++++ Information supplied ++++

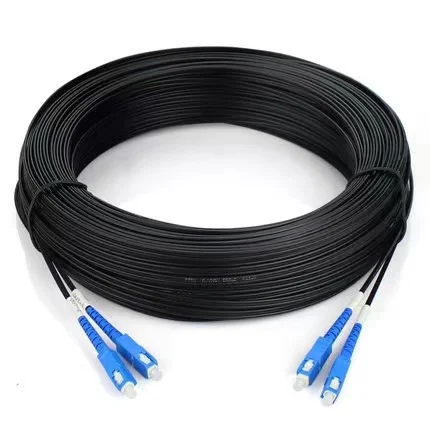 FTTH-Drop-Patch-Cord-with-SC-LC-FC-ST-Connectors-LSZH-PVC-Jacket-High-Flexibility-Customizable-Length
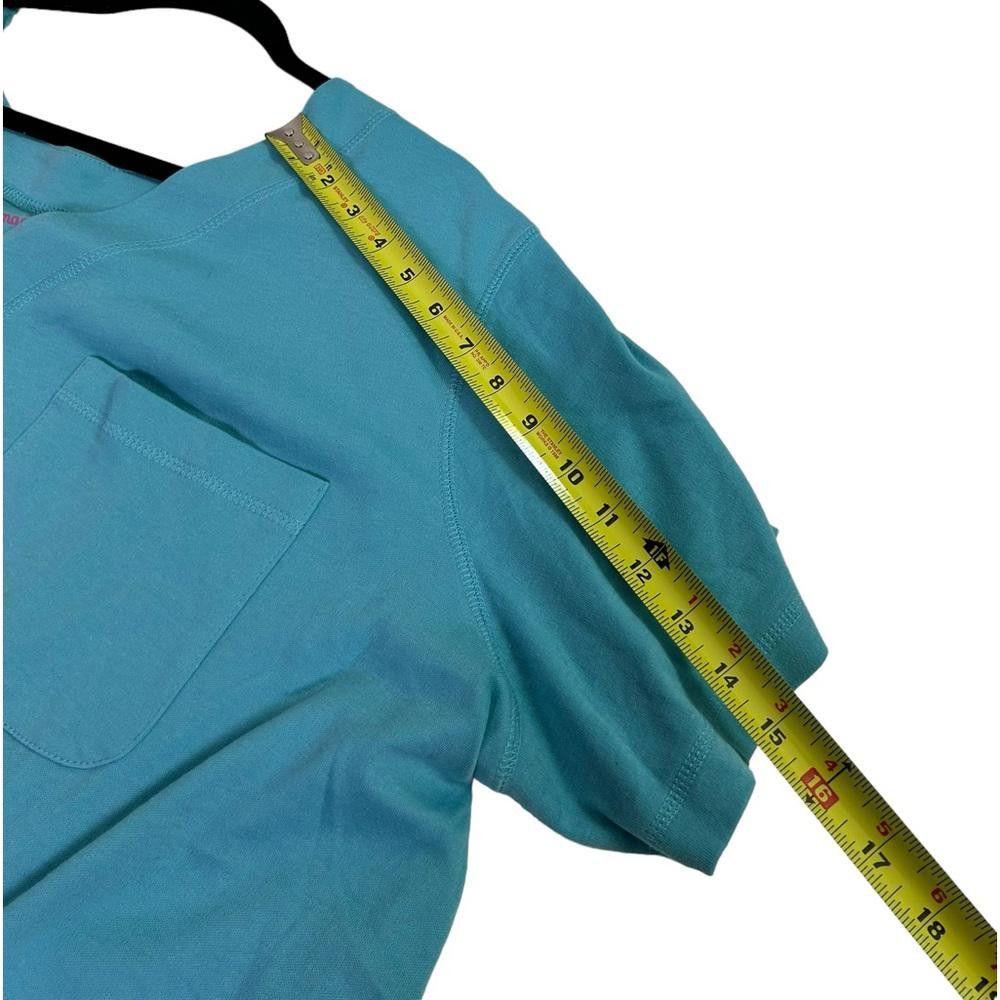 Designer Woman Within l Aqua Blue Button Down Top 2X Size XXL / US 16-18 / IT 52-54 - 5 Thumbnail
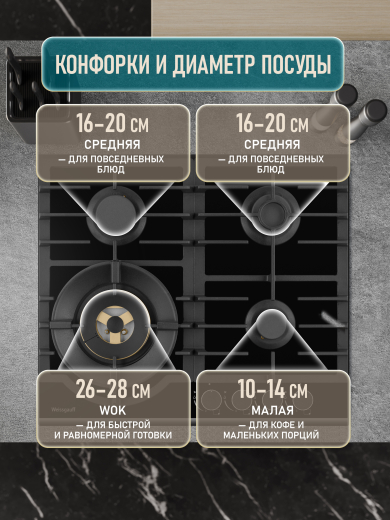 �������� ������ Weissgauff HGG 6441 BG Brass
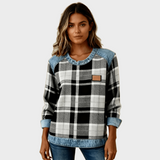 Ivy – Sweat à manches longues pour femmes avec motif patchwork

++++

#### [Exercise details]
Give an exact copy of the listing above that leaves out every picture.

#### [Answer for this exercise]
 FTTH-Drop-Patch-Cord-with-SC-LC-FC-ST-Connectors-LSZH-PVC-Jacket-High-Flexibility-Customizable-Length
 Designer Woman Within l Aqua Blue Button Down Top 2X Size XXL / US 16-18 / IT 52-54 - 5 Thumbnail
 �������� ������ Weissgauff HGG 6441 BG Brass
 Ivy – Sweat à manches longues pour femmes avec motif patchwork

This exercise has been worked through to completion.